On the anniversary of Alan Shepard's historic 'Freedom 7' flight in 1961, LIFE features photos from that remarkable era. (Above: Shepard, c., with fellow astronauts Deke Slayton and Gus Grissom, after his flight.)
When Soviet cosmonaut Yuri Gagarin became the first man in space in April 1961, a stunned America had two questions: How could this happen? and When is one of our guys going up there? Weeks later, on May 5, 1961, the second question was emphatically answered when 37-year-old Alan Shepard blasted off from Cape Canaveral on his own historic flight — a feat that made the New Hampshire native the first American in space and marked a major United States triumph in the Space Race.
Here, on the anniversary of Shepard’s historic flight, LIFE.com presents pictures, the vast majority of them by LIFE’s Ralph Morse (dubbed “the 8th Mercury astronaut” by John Glenn), along with Morse’s own memories of that amazing era, and those magnificent young men in their flying machines.
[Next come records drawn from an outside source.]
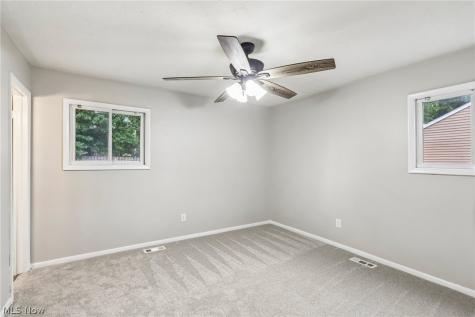 8278 Dallas Drive Mentor OH 44060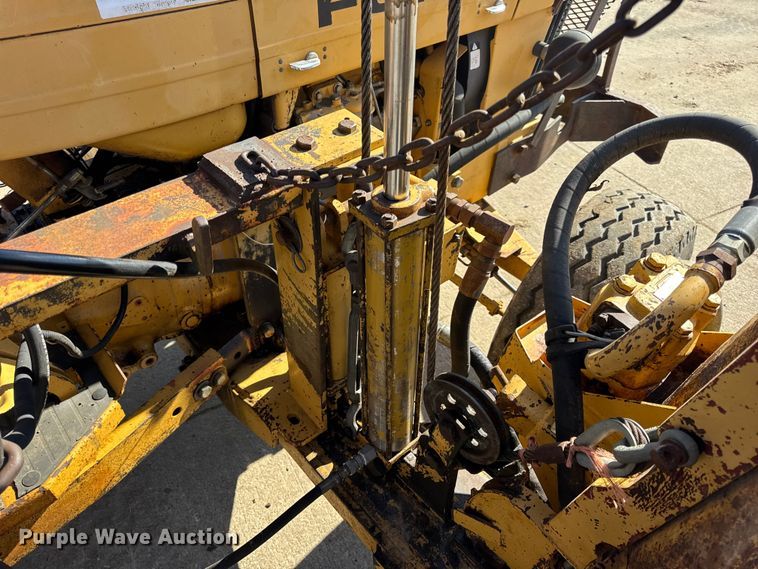 image for item EN0690 Ford 260C tractor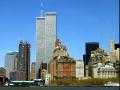 El World Trade Center de Nueva York estaba formado por dos imponentes rascacielos llamados las Torres Gemelas. Cada una de ellas tenía 110 pisos, aunque mientras que la sur ascendía hasta los 415 metros de altura, la norte se levantaba dos metros más que su gemela.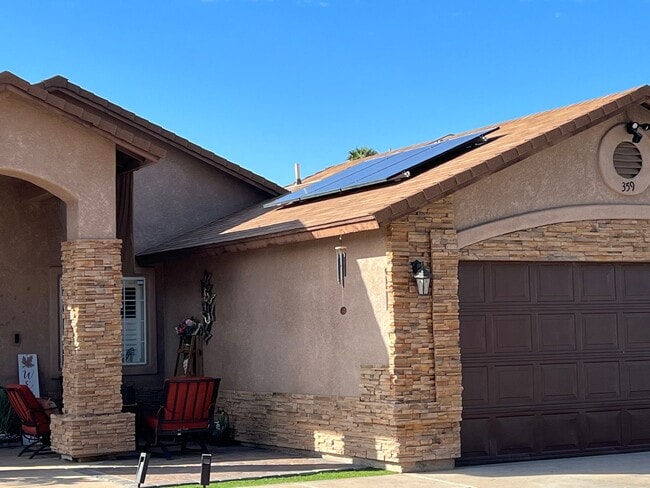 Foto del edificio - Solar Panels included on the 3 bedroom 2 b...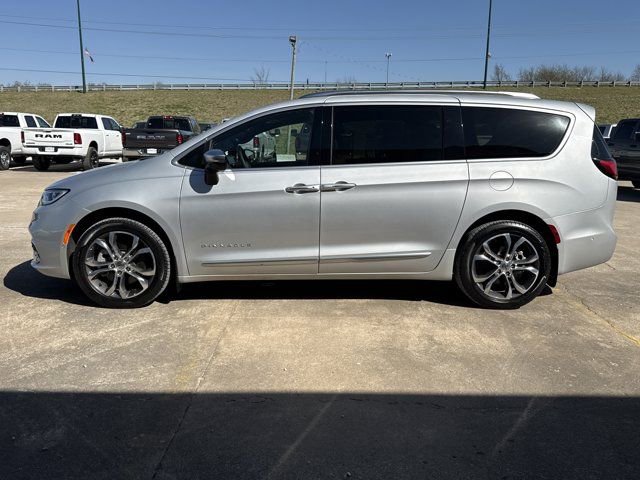 Used 2023 Chrysler Pacifica Pinnacle w/ Trailer Tow Group image 16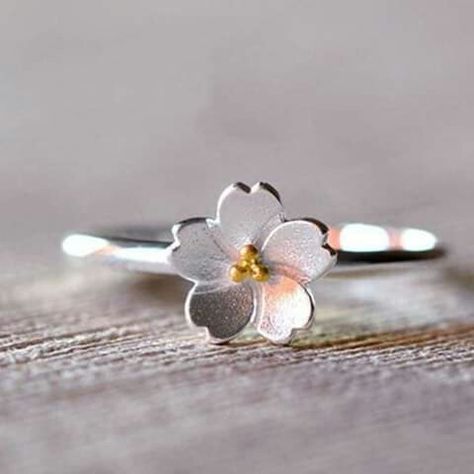 Dainty Women, Cherry Blossom Ring, Girlfriend Ring, Silver Flower Ring, Romantic Rings, Ringe Gold, Adjustable Jewelry, Jewelry Style, Argentium Silver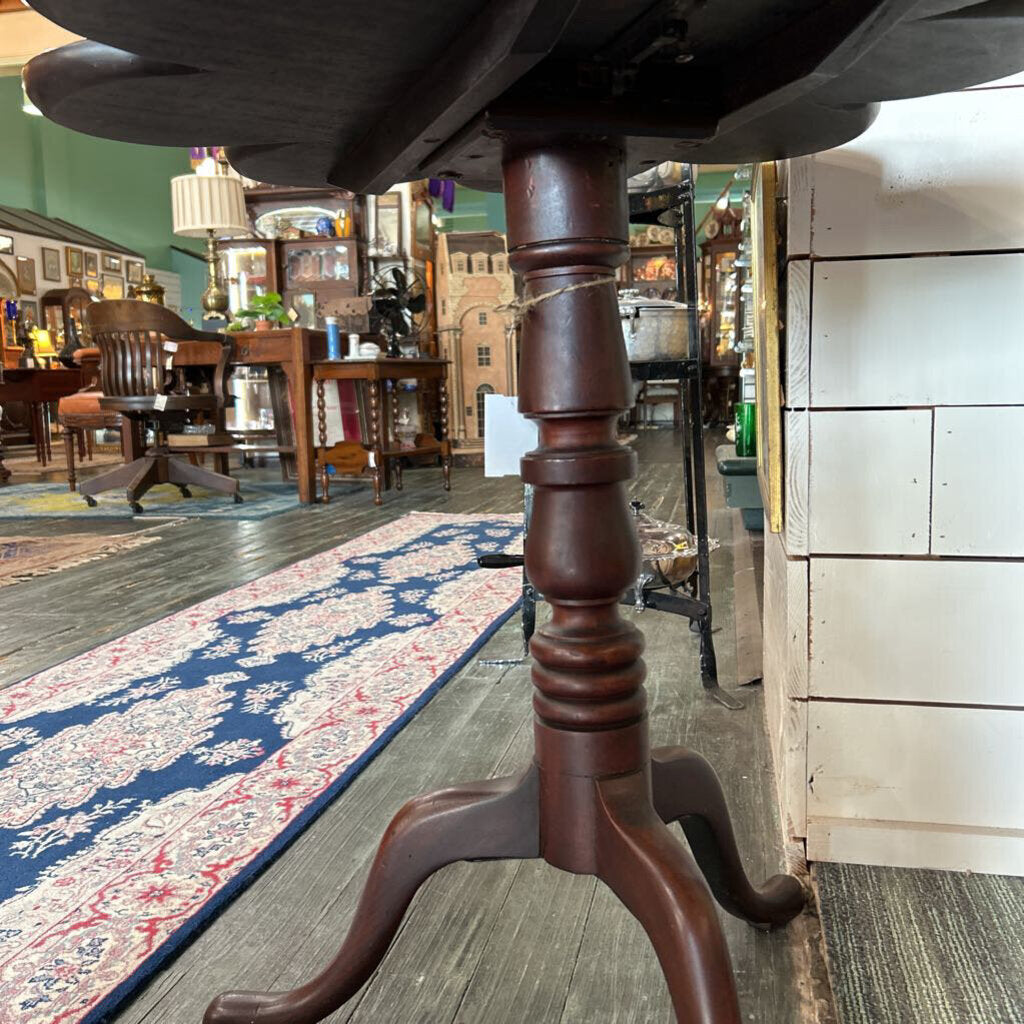 Petal Form Tilt-Top Serving Table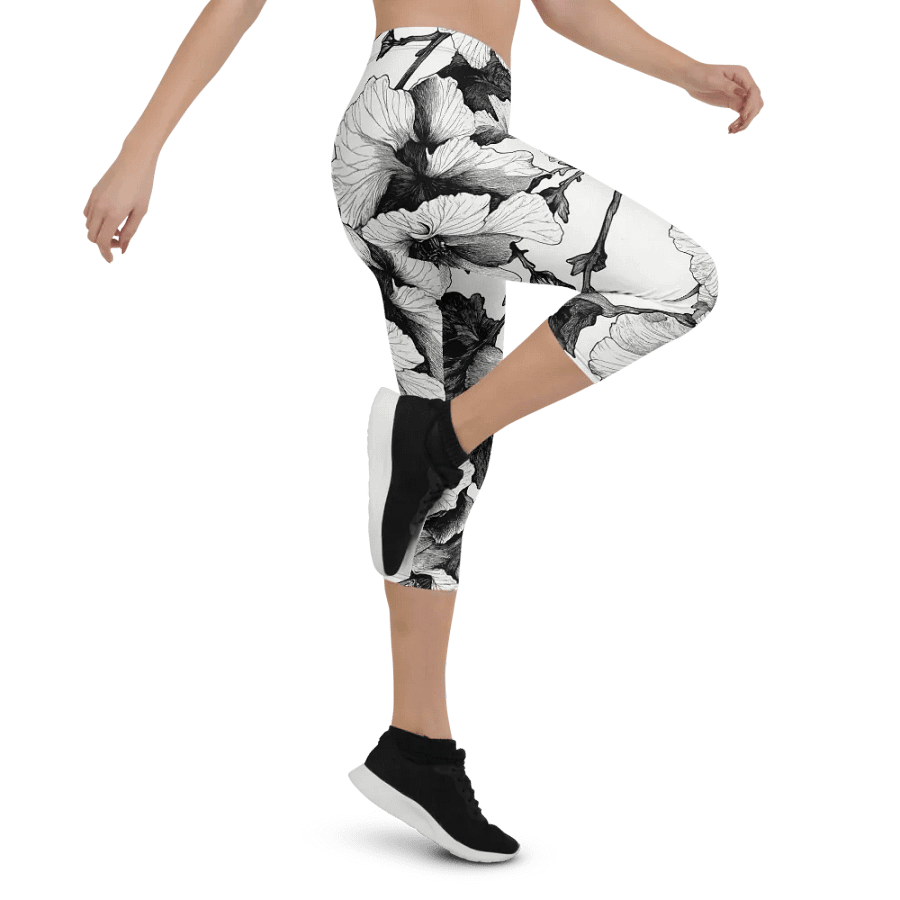 Hibiscus Harmony Capri Leggings product image (4)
Of the three astronauts chosen as candidates for America’s first manned space flight, only one could or would ultimately star in what LIFE magazine, in March 1961, called the “violent, historic event. . . . Some time this spring, either John Glenn or Virgil Grissom or Alan Shepard will crawl into a small capsule on top of a Redstone rocket and wait for the most awesome journey that man has ever taken.”